A More Competitive Jobs Market
While unemployment remains relatively low at around 4.9%, the reduction in available roles is increasing competition, particularly at entry and mid-level.
Recruiters report higher application volumes and longer hiring timelines, as employers become more selective. Data from the latest KPMG and Recruitment and Employment Confederation (REC) Report on Jobs, also released in April 2026, shows permanent placements continuing to decline, alongside weaker demand for temporary staff.
Employer Caution Driving Hiring Decisions
Employers are responding to ongoing economic uncertainty, including inflation, interest rates, and global pressures, by tightening recruitment.
Many organisations are focusing on essential roles while delaying hiring in non-critical areas. This is particularly evident in sectors that expanded rapidly in recent years, including technology and administrative support.
Although the pace of decline has eased, the REC notes that businesses are still taking a cautious approach to workforce expansion.
Impact on Entry-Level Opportunities
The shift is having a clear impact on entry-level roles.
Positions that have traditionally provided access to the workforce are becoming less available, as employers prioritise candidates who can contribute immediately. Recruiters say this is contributing to “experience inflation,” where even junior roles now require prior experience or specialised skills.
This is creating additional barriers for young people, career changers, and those returning to work.
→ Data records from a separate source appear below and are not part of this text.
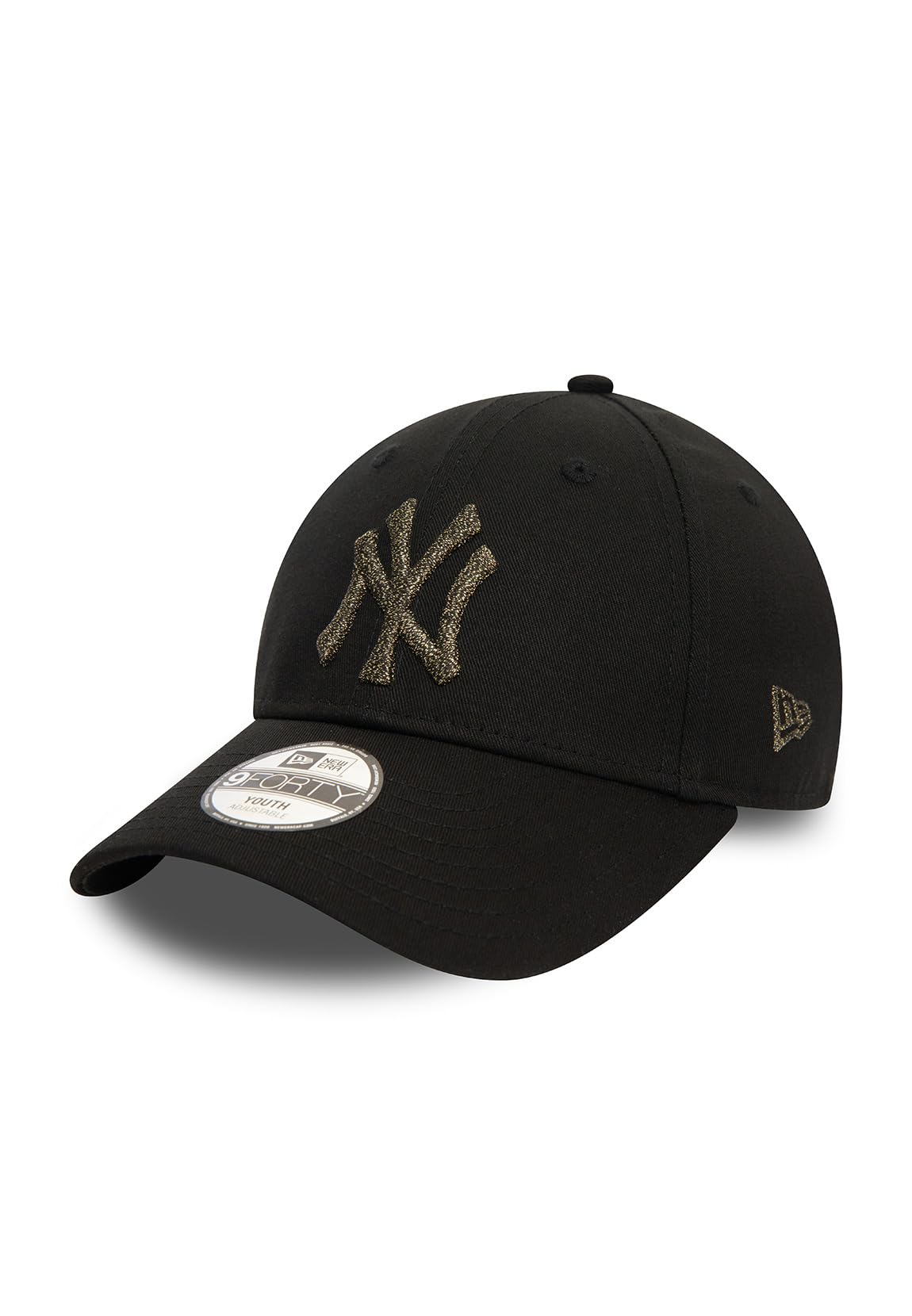 New Era 9Forty Kids Cap - Metallic New York Yankees Black - Child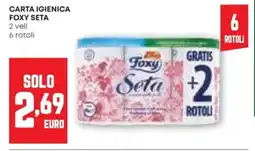 Pam Carta igienica foxy seta offerta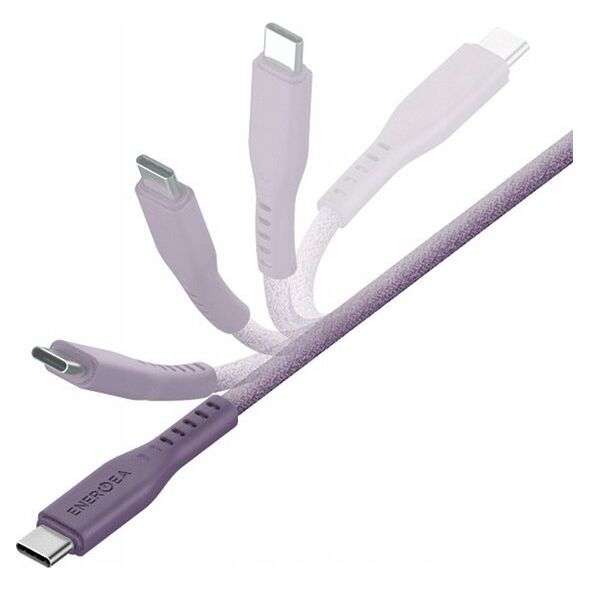 Kabel USB Energea USB-C - Lightning 1.5 m Fioletowy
Uneven Impact Across Sectors
The slowdown is not uniform across the economy.
Demand remains strong in sectors such as healthcare, construction, and logistics, where structural shortages persist. In contrast, retail and administrative roles have seen more pronounced declines in hiring activity.
This divergence is contributing to an increasingly uneven labour market, with opportunities concentrated in specific industries and regions.
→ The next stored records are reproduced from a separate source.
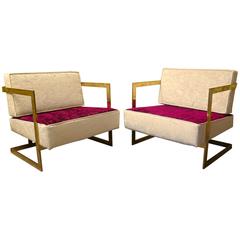 Pair of Brass Armchairs
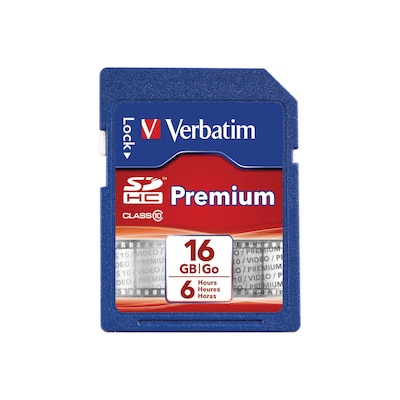 Verbatim® Premium Memory Card, SDHC™, Class 10, 16GB
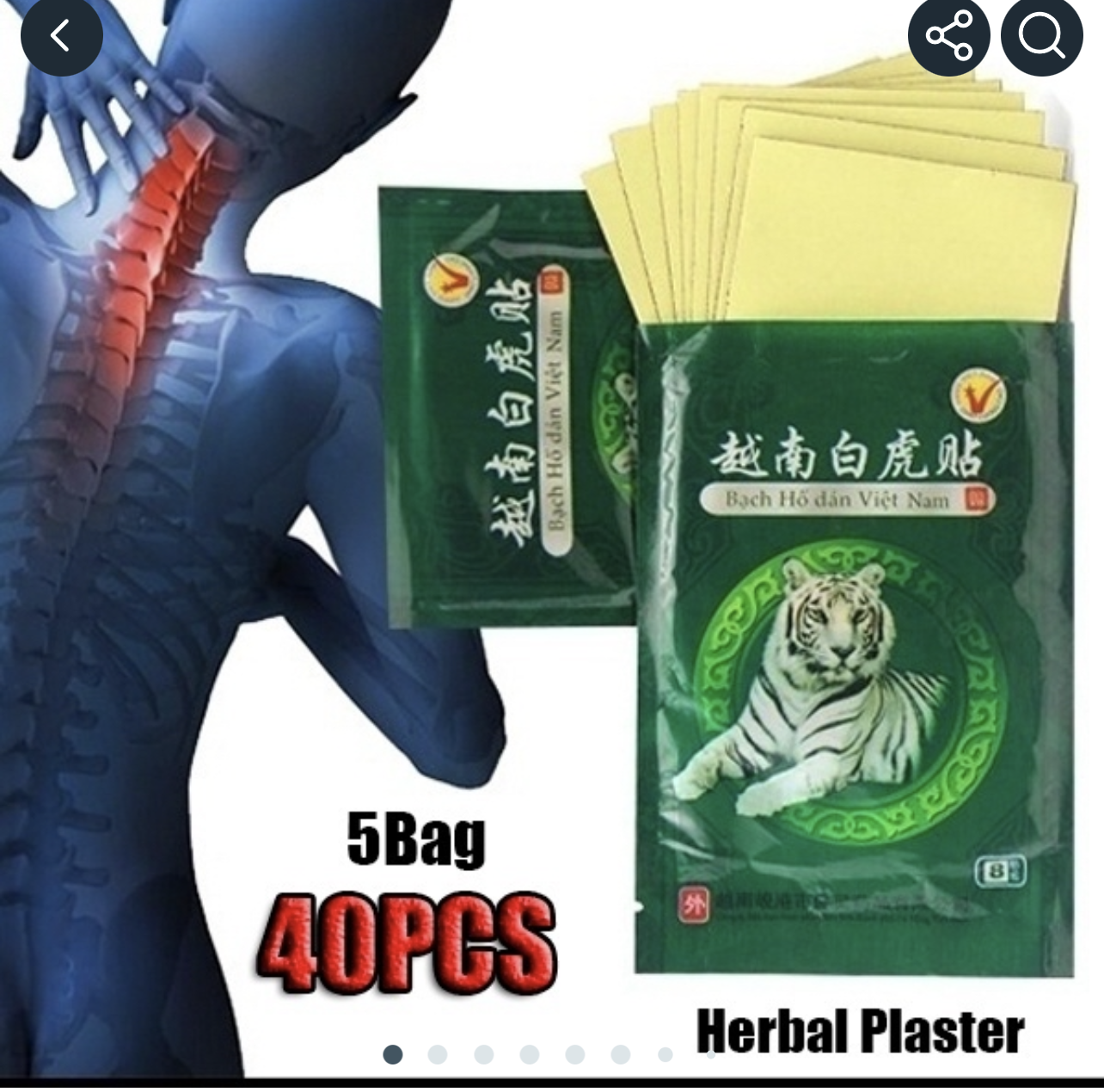 Sumifun Vietnam White Tiger Joint Pain Relief Patch. You will receive 3 packs of 8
Wider Labour Market Context
The fall in vacancies comes alongside other signs of a softening labour market.
ONS data released in April 2026 shows that wage growth has slowed to its lowest level since 2020, while the number of payrolled employees has edged down in recent months.
Together, these trends point to a jobs market that is stabilising, but becoming more selective, with fewer opportunities in some sectors and greater competition for available roles.